[Records from a collection]
◆ ◆ ◆ ◆ ◆

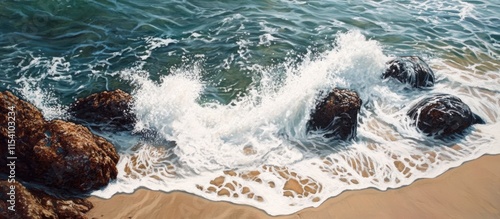 Overhead view of ocean waves crashing on rocky beach creating white foam and ripples against sandy shoreline in natural coastal setting photo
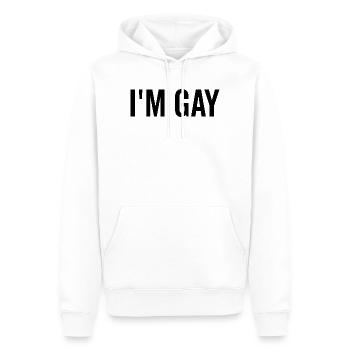 Ich bin schwul - Männer Premium Bio Hoodie - Weiß - Vorne - Nico (187cm)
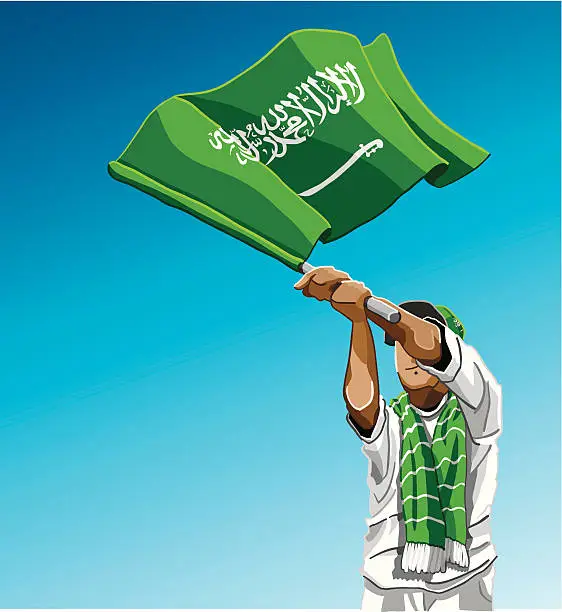 Vector illustration of Saudi Arabia Waving Flag Soccer Fan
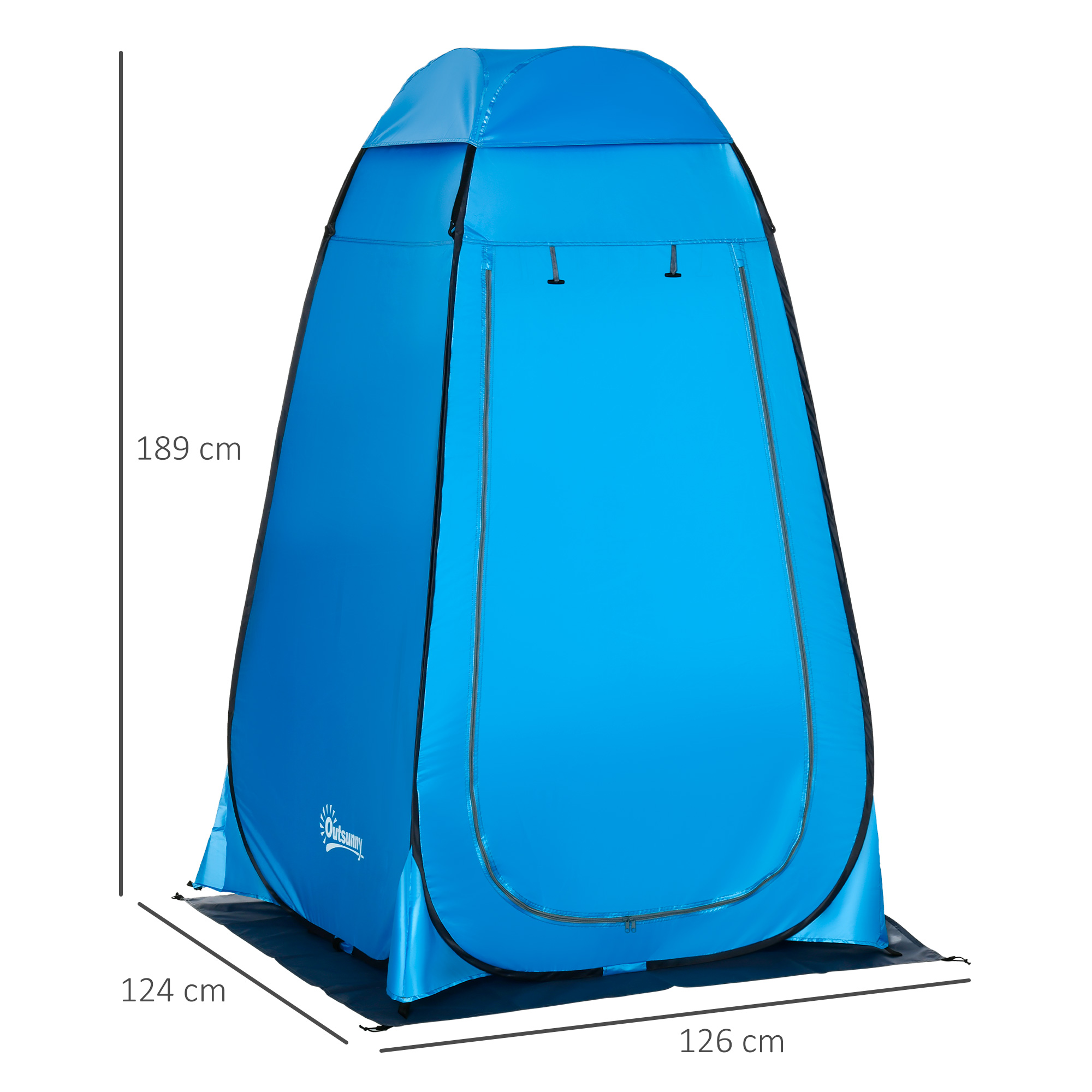 Outsunny Pop-Up Camping Shower Tent, Portable Outdoor Privacy Toilet, Changing Dressing Room with Carrying Bag, Blue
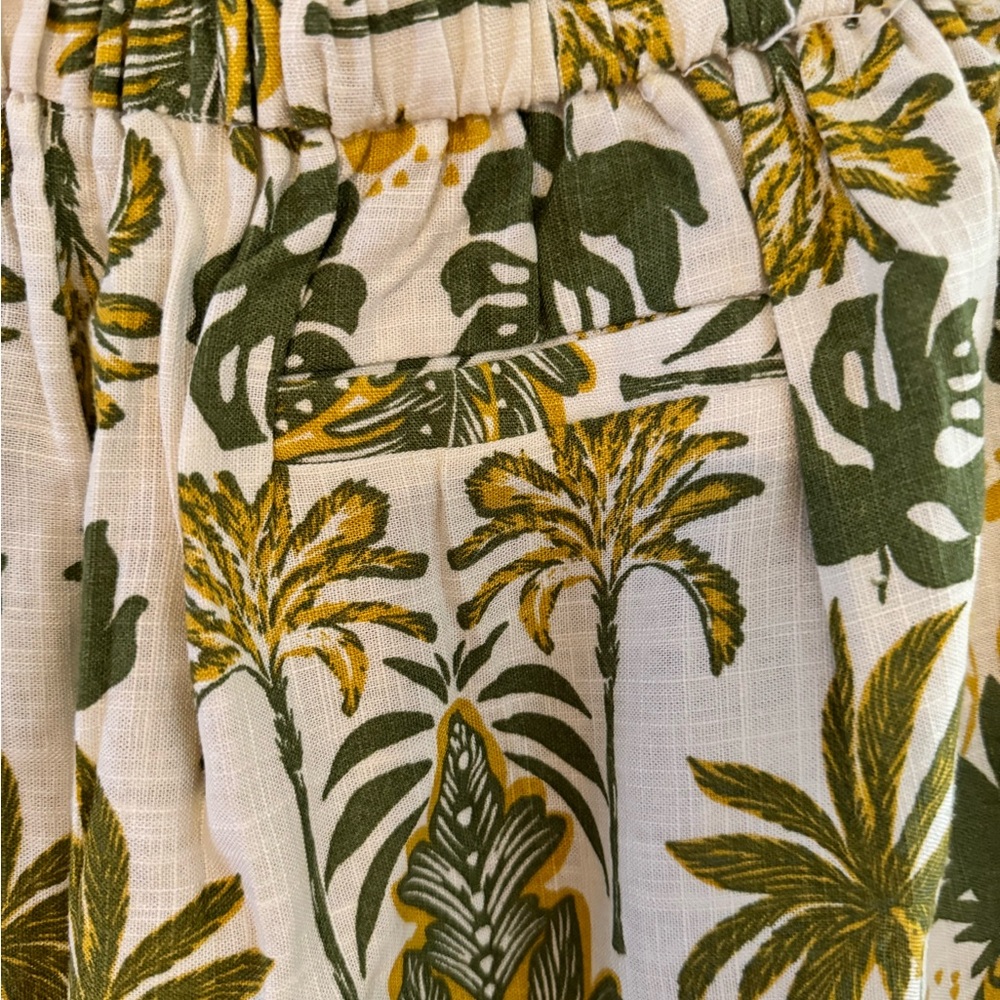 MONTEAU LOS ANGELES wide Leg Shorts CLASSIC L Large Tropical print. Pock… NICE - Picture 7 of 11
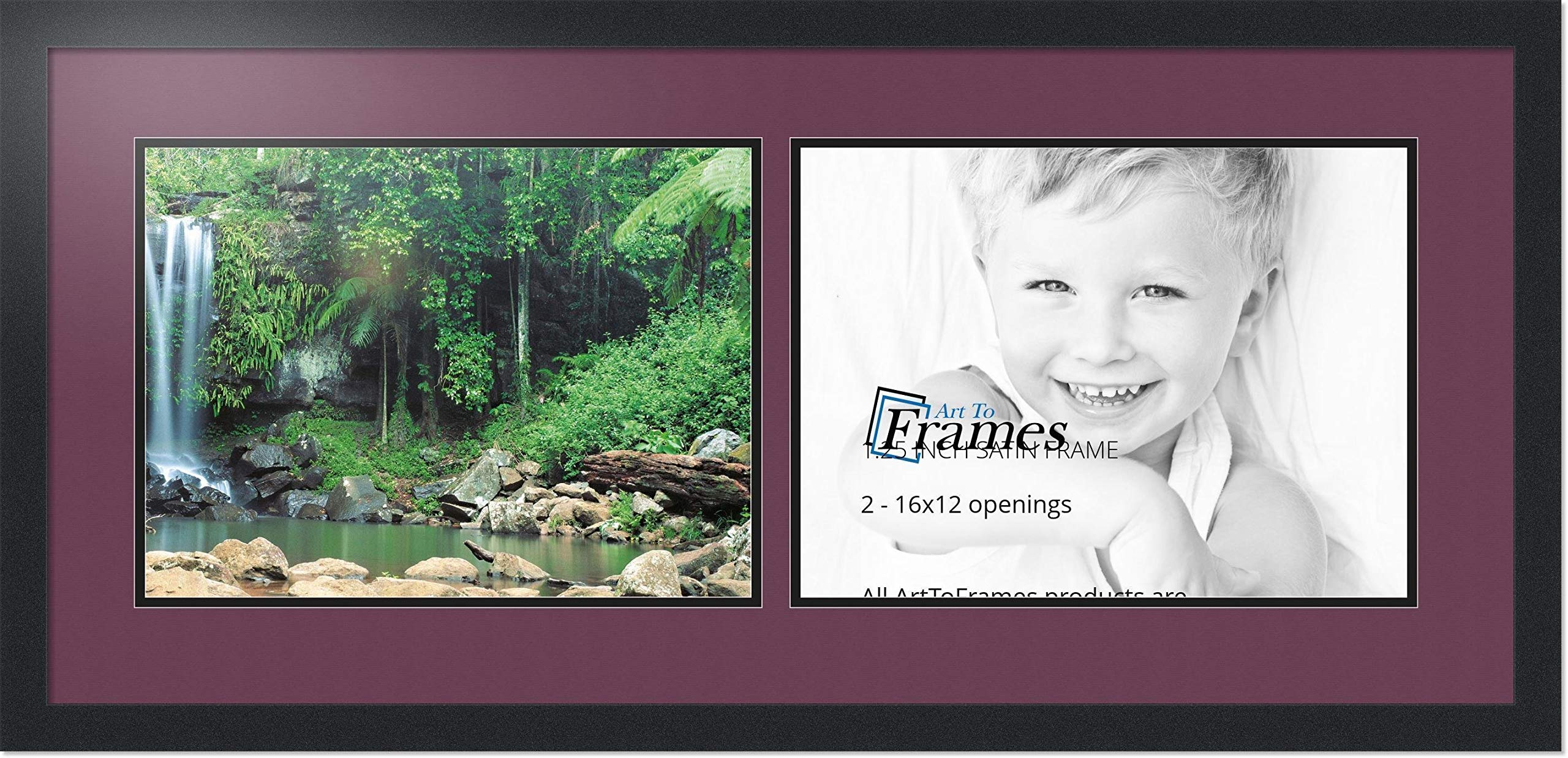 ArtToFrames 12x16 Double Opening Collage Photo Frame with Satin Black Finish - Perfect for Family Photos, Wedding Memories & Wall Decor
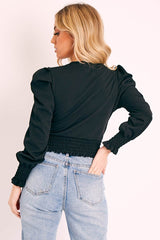 Black Shirred Hem Wrap Crop Top - Symone-Tops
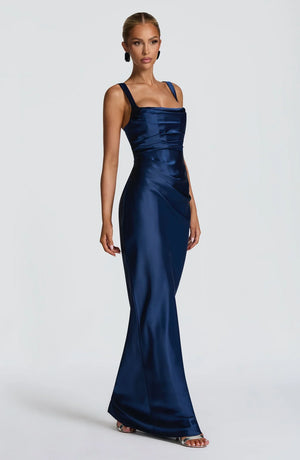Square Neck Satin Maxi Dress Tie-Back – Calanthe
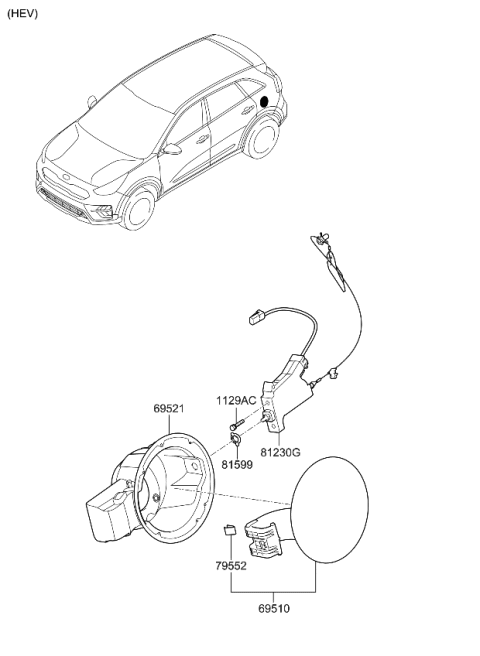 2022 Kia Niro Fuel Filler Door Diagram 1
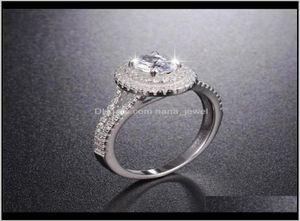 Real 925 Sterling Sier Wedding Rings Finger Luxury Oval Cut Sona Diamond Ring for Women Engagement Jewelry Eternal Rozqt GL4632614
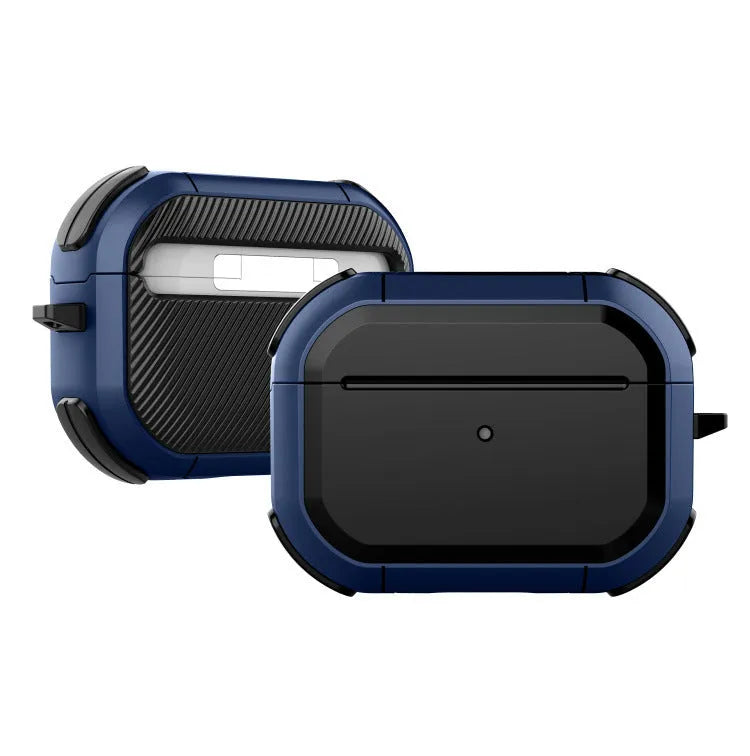 Black TPU and PC protective shell case for Apple AirPods 1, 2 and Pro models on a white background.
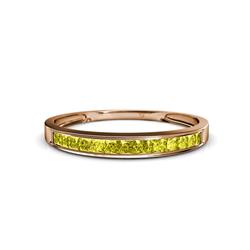 Aqilia Princess Cut Yellow Diamond Stone Wedding Band Princess Cut Yellow Diamond ctw Stone Channel Set Womens Wedding Band Stackable K Rose Gold
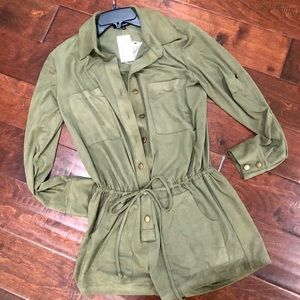 Suede Utility Romper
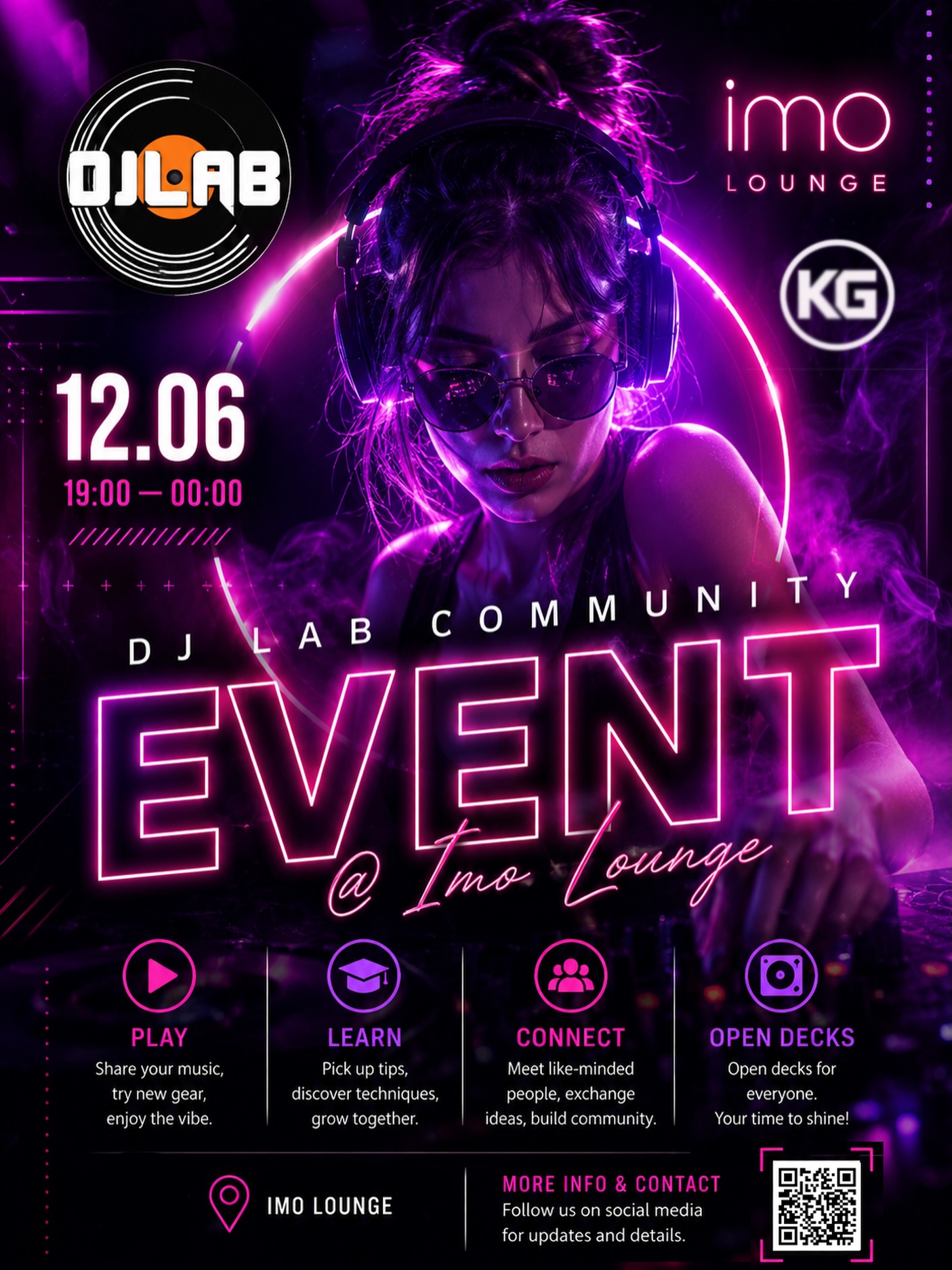 Play • Learn • Connect • Open Decks
12.06 | 19:00–00:00 @imo.lounge
🎟️ Sissepääs 5€ (sisaldab joogimünti)
Kogukonnaõhtu DJ-dele, tulevastele DJ-dele ja kõigile muusikahuvilistele ✨
Tule mängima, tutvu inimestega ja veeda õhtu kohaliku DJ kogukonnaga.
🎛️ Kohapeal Pioneer CDJ-3000 + DJM-A9
🔥 DJlab mentorid jagavad nippe ja trikke
MENTORID:
@andrew_dropwave • @officialsunnydee • @misskrissdj
🎧 Open Decks • DJlab lõpetajad ja õpilased • live vibe terve õhtu
Õhtu jooksul mängivad DJlab kooli lõpetanud ning praegused õpilased, kus igaüks saab tunnetada, kuidas on mängida publiku ees ja päris live keskkonnas.
Õhtu lõpetab kaunis ja andekas, juba lavadel laineid lööv DJlab resident @mlipp_
📩 Tahad järgmisel korral mängida? @kgmusiclabel
__________________
Play • Learn • Connect • Open Decks
12.06 | 19:00–00:00 @imo.lounge
🎟️ Entry 5€ (includes 1 drink token)
Community night for DJs, future DJs & music lovers ✨
Come play, meet people & vibe with the local DJ community.
🎛️ Pioneer CDJ-3000 + DJM-A9 on site
🔥 DJlab mentors sharing tips & tricks
MENTORS:
@andrew_dropwave • @officialsunnydee • @misskrissdj
🎧 Open Decks • DJlab students & graduates • Live vibes all night
During the night DJlab graduates and current students will be playing, where everyone can experience what it feels like to play in front of an audience and in a real live environment.
Closing the night is beautiful and talented DJlab resident @mlipp_
📩 Want to play next time? @kgmusiclabel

◆ ◆ ◆ ◆ ◆

• [What to do]:
Can you repeat every record above exactly, apart from the pictures?

• [Result of the task]:
 Overhead view of ocean waves crashing on rocky beach creating white foam and ripples against sandy shoreline in natural coastal setting photo
 Ich bin schwul - Männer Premium Bio Hoodie - Weiß - Vorne - Nico (187cm)
 Vector illustration of Saudi Arabia Waving Flag Soccer Fan
 Outsunny Pop-Up Camping Shower Tent, Portable Outdoor Privacy Toilet, Changing Dressing Room with Carrying Bag, Blue
 MONTEAU LOS ANGELES wide Leg Shorts CLASSIC L Large Tropical print. Pock… NICE - Picture 7 of 11
 ArtToFrames 12x16 Double Opening Collage Photo Frame with Satin Black Finish - Perfect for Family Photos, Wedding Memories & Wall Decor
 Black Shirred Hem Wrap Crop Top - Symone-Tops
Square Neck Satin Maxi Dress Tie-Back – Calanthe
 2022 Kia Niro Fuel Filler Door Diagram 1
 Real 925 Sterling Sier Wedding Rings Finger Luxury Oval Cut Sona Diamond Ring for Women Engagement Jewelry Eternal Rozqt GL4632614
 Black TPU and PC protective shell case for Apple AirPods 1, 2 and Pro models on a white background.
 Aqilia Princess Cut Yellow Diamond Stone Wedding Band Princess Cut Yellow Diamond ctw Stone Channel Set Womens Wedding Band Stackable K Rose Gold
 Suede Utility Romper
 Play • Learn • Connect • Open Decks
12.06 | 19:00–00:00 @imo.lounge
🎟️ Sissepääs 5€ (sisaldab joogimünti)
Kogukonnaõhtu DJ-dele, tulevastele DJ-dele ja kõigile muusikahuvilistele ✨
Tule mängima, tutvu inimestega ja veeda õhtu kohaliku DJ kogukonnaga.
🎛️ Kohapeal Pioneer CDJ-3000 + DJM-A9
🔥 DJlab mentorid jagavad nippe ja trikke
MENTORID:
@andrew_dropwave • @officialsunnydee • @misskrissdj
🎧 Open Decks • DJlab lõpetajad ja õpilased • live vibe terve õhtu
Õhtu jooksul mängivad DJlab kooli lõpetanud ning praegused õpilased, kus igaüks saab tunnetada, kuidas on mängida publiku ees ja päris live keskkonnas.
Õhtu lõpetab kaunis ja andekas, juba lavadel laineid lööv DJlab resident @mlipp_
📩 Tahad järgmisel korral mängida? @kgmusiclabel
__________________
Play • Learn • Connect • Open Decks
12.06 | 19:00–00:00 @imo.lounge
🎟️ Entry 5€ (includes 1 drink token)
Community night for DJs, future DJs & music lovers ✨
Come play, meet people & vibe with the local DJ community.
🎛️ Pioneer CDJ-3000 + DJM-A9 on site
🔥 DJlab mentors sharing tips & tricks
MENTORS:
@andrew_dropwave • @officialsunnydee • @misskrissdj
🎧 Open Decks • DJlab students & graduates • Live vibes all night
During the night DJlab graduates and current students will be playing, where everyone can experience what it feels like to play in front of an audience and in a real live environment.
Closing the night is beautiful and talented DJlab resident @mlipp_
📩 Want to play next time? @kgmusiclabel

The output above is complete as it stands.